1. The responsibility for compliance with applicable regulations concerning rDNA or infectious agents used in research rests with the Vice President for Research. The Vice President for Research shall be assisted in the discharge of this responsibility by the IBC.
2. When the institution participates in or sponsors rDNA research involving human subjects, the institution must ensure that (a) the IBC has adequate expertise and training (using ad hoc consultants as deemed necessary) and (b) all aspects of applicable sections of the NIH Guidelines regarding experiments involving the deliberate "gene transfer" derived from rDNA into one or more human subjects have been appropriately addressed by the Principal Investigator prior to submission to NIH/ORDA.
1. The IBC is the principal advisory group to the Vice President for Research on the use of rDNA and infectious agents in research. It is the appropriate body to oversee the resolution of concerns involving the use of rDNA and potentially hazardous biological materials brought to the attention of the committee.
2. In accordance with NIH Guidelines and University policy, the Committee shall consist of no fewer than five members, so selected that they collectively have experience and expertise in rDNA technology and the capability to assess the safety of rDNA and infectious agent research and to identify any potential risk to the public health or the environment. At least two members shall not be affiliated with the University and shall represent the interests of the surrounding community with respect to health and protection of the environment. Because Tulane University conducts rDNA research with physical containment at Biosafety Level 3, the IBC shall also include the Biological Safety Officer as a member.
3. No member of the IBC may be involved in the review or approval of a project in which he/she is, has been, or expects to be engaged.
4. The IBC reviews and monitors the use of rDNA and research with infectious agents. Specific responsibilities include the following: a) Assessment of the containment levels required by the NIH Guidelines and University policy. b) Assessment of the facilities, procedures, practices, and training and expertise of personnel involved in research. c) Assurance of compliance with all surveillance data reporting and adverse event reporting required by NIH Guidelines. d) Notification to Principal Investigators of the results of the IBC's review and approval. e) Adoption of emergency plans covering accidental spills and personnel contamination resulting from rDNA or infectious agent research. f) Reporting of any significant problems with or violations of the NIH Guidelines and any significant research related accidents or illnesses to the Vice President for Research and NIH/OBA within 30 days unless the IBC determines that a report has already been filed by the Principal Investigator. g) Review of infectious agents (animal and human viruses, prions, bacteria, parasitic agents and fungi) classified in Risk Groups 2, 3, and 4.
1. Performance of periodic inspections to ensure that laboratory standards are rigorously followed.
2. Consultation with the IBC to plan, develop and conduct training on biological safety practices and procedures relating to rDNA, infectious agents and potentially hazardous biological materials.
3. Report to the IBC any significant problems, violations of the NIH Guidelines, and any significant research related accidents or illnesses of which the BSO becomes aware, unless the BSO determines that report has already been filed by the Principal Investigator.
4, Develop and implement emergency plans for handling spills and personnel contamination, and investigating laboratory accidents involving rDNA, infectious agents and potentially hazardous biological materials.
5. Provide advice on laboratory security.
6. Implement decisions of the IBC.
The Principal Investigator is responsible for full compliance with the policies, practices and procedures set forth under federal guidelines and by the University.
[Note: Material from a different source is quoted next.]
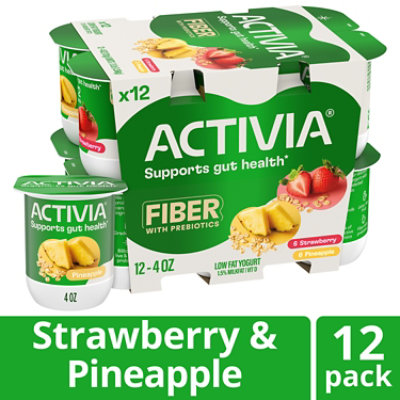 Activia Low Fat Fiber Probiotic Strawberry And Pineapple Variety Pack Yogurt - 12-4 Oz - Image 1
This responsibility extends to all aspects of biological safety involving the environment and all individuals who enter or work in the Principal Investigator 's laboratory or collaborate in carrying out the research. Although the Principal Investigator may choose to delegate aspects of the biological safety program to other laboratory personnel or faculty in his/her laboratory, the Principal Investigator retains ultimate responsibility and is accountable for all activities occurring in his/her laboratory.